HTML5 can be used to develop mobile applications. There are quite a few products built that support using HTML5, CSS3, and JavaScript as the engine of the application -- typically called a browser-based application.

One such product is PhoneGap. PhoneGap is a powerful framework that uses HTML5, CSS3, and JavaScript to define a mobile view. Because PhoneGap is HTML based, you can use frameworks such as jQuery and jQuery Mobile or other JavaScript frameworks with it. PhoneGap apps don't have to worry about the stateless nature of the web because they are all client-side driven.

Once the application has been built, it needs to be set up in each environment desired for deployment, which creates a mobile application with a browser control.
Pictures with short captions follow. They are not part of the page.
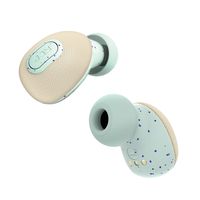 Live True Wireless Earbuds  3 Hour Playtime, Dual Microphones,  Bluetooth and Siri Enabled, Ultra Light, Hands-Free Calling, Workout-Ready  Carrying Case  Built-in Charger  JAM Audio Cream Soda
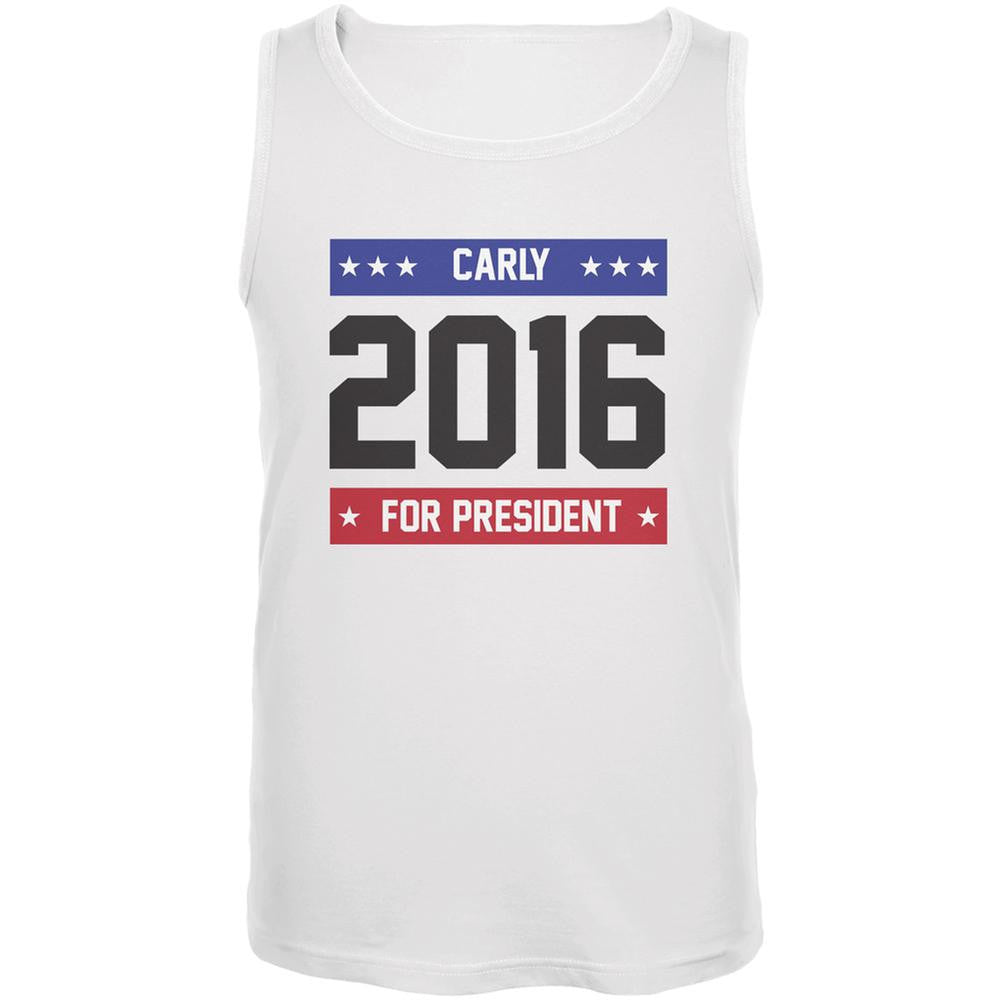 Election 2016 Carly for President 2016 White Adult Tank Top Men's Tank Tops Old Glory 2XL White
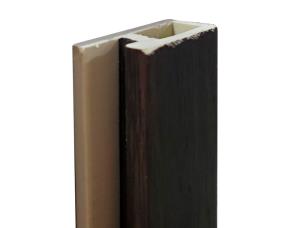 Final Para Panel 3D Estructural De Pvc Uv 18X10Mmx2.9Mt Nogal Negro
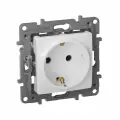 Legrand Etika Белый Розетка с заземлением, винтовые клеммы 672221, 6 шт.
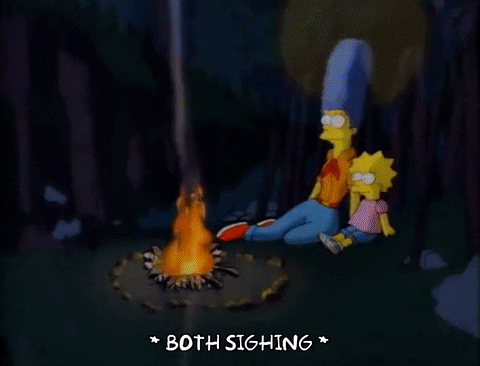 Season 1 Waiting GIF by The Simpsons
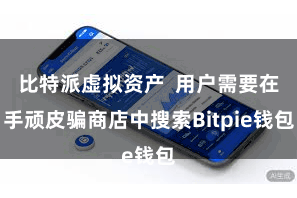 比特派虚拟资产  用户需要在手顽皮骗商店中搜索Bitpie钱包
However, a PhoneGap application can also be deployed to each environment using an awesome utility called Adobe PhoneGap Build. This utility takes a PhoneGap project and builds an executable, one for each of the platforms in which you want to deploy.
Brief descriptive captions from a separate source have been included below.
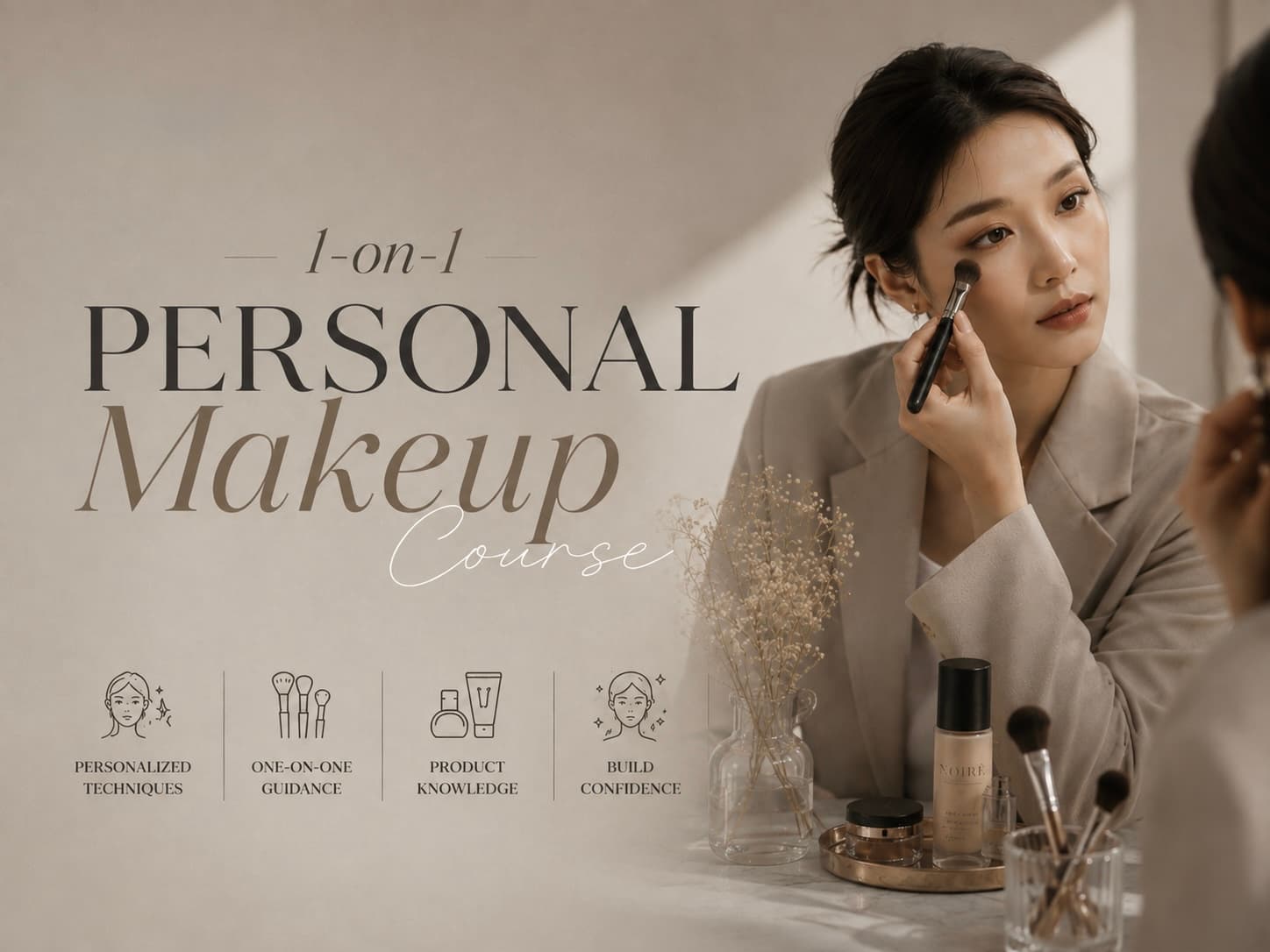 1-on-1 Personal Makeup Course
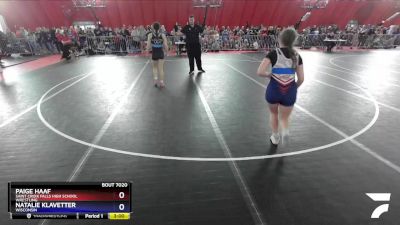 127 lbs Round 1 - Natalie Klavetter, Wisconsin vs Paige Haaf, Saint Croix Falls High School Wrestling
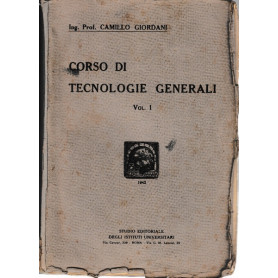 Corso di tecnologie generali. Vol. I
Motorola Solutions' RhoMobile Suite provides a similar capability. This product comprises an entire suite of tools that let developers create an application using the Model-View-Controller (MVC) design pattern. RhoMobile Suite also comes with a studio for developing Rho applications and documentation explaining how to deploy to each desired environment.

Another framework, Appcelerator's Titanium mobile platform, offers many benefits for a monthly subscription price. The benefit I'll focus on here is the ability to use HTML5 and a specific JavaScript API to deploy natively to each of the supported environments. Titanium also comes with an editor that supports IntelliSense and provides many other features.

I could go on and on about other frameworks on the market, and in Table 3 I've included links to some others not mentioned here. Some of these frameworks do much more than just support web or native application deployments -- they are actually mobile enterprise application platforms. These types of platforms provide development tools but also extend beyond that into enabling development of a common back-end architecture as well as offering other services.



Table 3: A Sampling of Enterprise Mobile Development Frameworks

IBM Worklight

Verivo Software

Sybase Unwired Platform

Antenna Software

Consider Your Options

I've covered a number of mobile device development options here, with the goal of exposing you to many of the utilities available for developing mobile websites and mobile applications. There's no way a single article can discuss all the currently available tools and frameworks. But after reading this, I'm confident you'll have a good idea of the range of choices you have for developing applications in a mobile environment and also for integrating mobile into a web application, either by creating a brand-new site or using a responsive design.

Learn More About Mobile Development

Device detection and media queries:





Brian Mains is a Microsoft MVP and consultant with Computer Aid, where he works with nonprofit and state government organizations. You can email him at: [email protected]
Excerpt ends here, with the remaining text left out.